**RECORDS SUPPLIED:**
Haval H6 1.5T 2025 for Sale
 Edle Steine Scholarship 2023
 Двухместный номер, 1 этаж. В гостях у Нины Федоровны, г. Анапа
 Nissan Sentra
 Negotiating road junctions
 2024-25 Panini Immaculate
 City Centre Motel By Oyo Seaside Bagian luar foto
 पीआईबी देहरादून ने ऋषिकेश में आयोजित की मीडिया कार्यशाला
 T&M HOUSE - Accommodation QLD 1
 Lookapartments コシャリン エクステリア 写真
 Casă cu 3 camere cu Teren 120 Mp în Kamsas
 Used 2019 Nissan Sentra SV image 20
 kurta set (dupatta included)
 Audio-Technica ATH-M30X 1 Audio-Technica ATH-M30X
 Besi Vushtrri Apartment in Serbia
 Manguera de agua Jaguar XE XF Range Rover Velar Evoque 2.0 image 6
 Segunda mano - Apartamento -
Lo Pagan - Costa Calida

**BRIEF:**
Among the lines of the entries above, count those containing the string "Nissan". Write the number alone.

**TASK RESULT:**
2